Before his arrival Bahadur Shah had entered Chittorgarh and ransacked it for the second time. Realising that defeat was imminent, Karnavati and
the other noble ladies of the court immolated themselves in a mass
suicide by fire, while all the men donned saffron clothes and went out
to fight to the death. Humayun did defeat Bahadur Shah and then reinstated Karnavati's son Vikramaditya Singh as
the ruler of Mewar ."
I will be remiss in these reminiscences if do not mention the great son of
Rajputana, Maharana Pratap (1540-1597) who dedicated his entire life fighting the greatest of the moghul emperor, Akbar. While he could not
recapture Chittorgarh , he recaptured vast areas of Rajputana.
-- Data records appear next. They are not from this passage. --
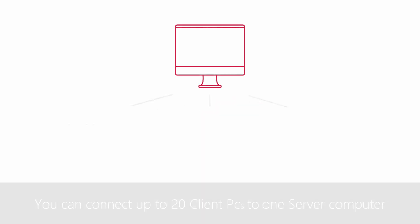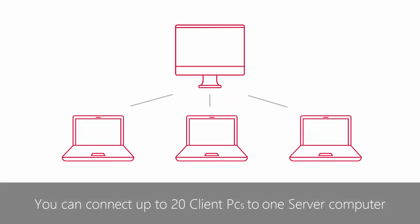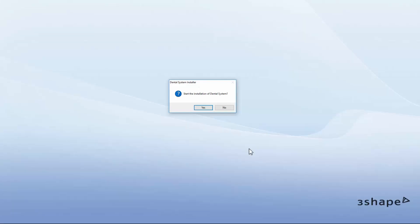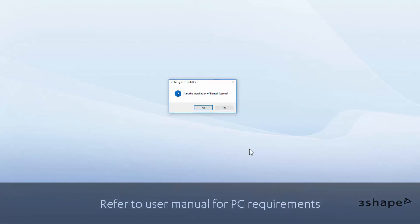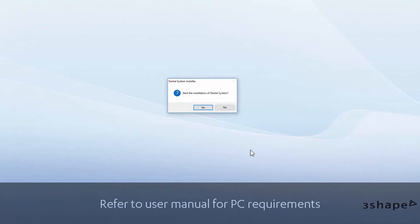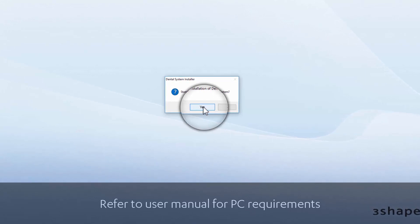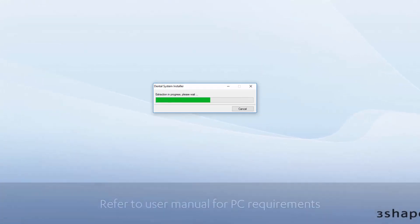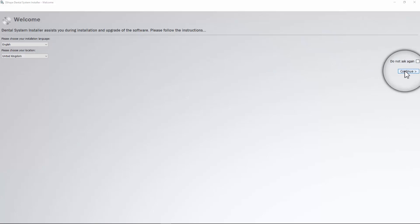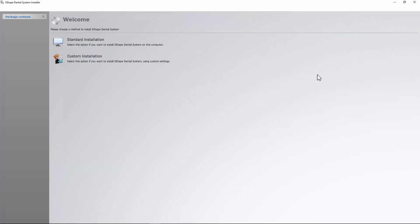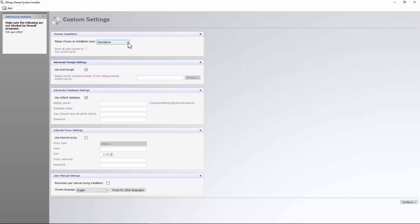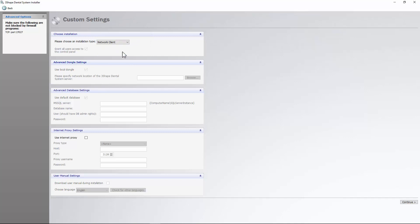After setting up an active server installation, you can create client installations. The amount of RAM and video memory on client PCs is important for design performance. Press Yes and wait for the files to extract. Choose the installation language and click Continue. Then select Custom Installation, Network Client from the drop-down menu, and click Continue to proceed.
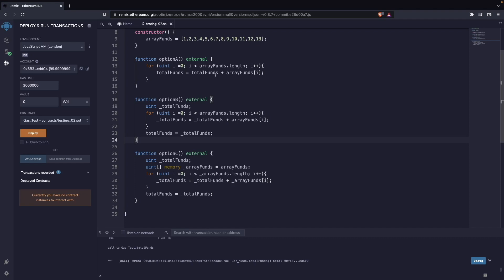This is one exercise that was posted by Patrick from Chainlink, and I think it's very interesting because it actually teaches you how to optimize for gas in a way that matters.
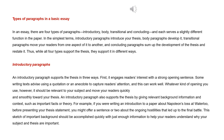Types of paragraphs in a basic essay: In an essay, there are four types of paragraphs—introductory, body, transitional, and concluding—and each serves a slightly different function in the paper. In the simplest terms, introductory paragraphs introduce your thesis, body paragraphs develop it, transitional paragraphs move your readers from one aspect of it to another, and concluding paragraphs sum up the development of the thesis and restate it. Thus, while all four types support the thesis, they support it in different ways.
His last epic
battle against Akbar at Haldighati (june 1576) has been immortalised by the hindi poet Shyam Narain Pandey in his epic poem HALDIGHATI.
The journey back into TIME being over now , our bus left the fort on its
long journey back to Delhi. As the bus travelled downwards I had the strange feeling of stepping out of the pages of
history into the material world of the day. Somewhere inside me was the feeling that a long time back, in another life, I belonged to this place,
Chittorgarh, which will always be remembered for the valour of the
Rajputs men and women.
Legends never die. As Tennyson puts it, "men may come and men may
go but I shall go on for ever".
Chittorgarh will always be there . . .
far into the future , in timelessness !!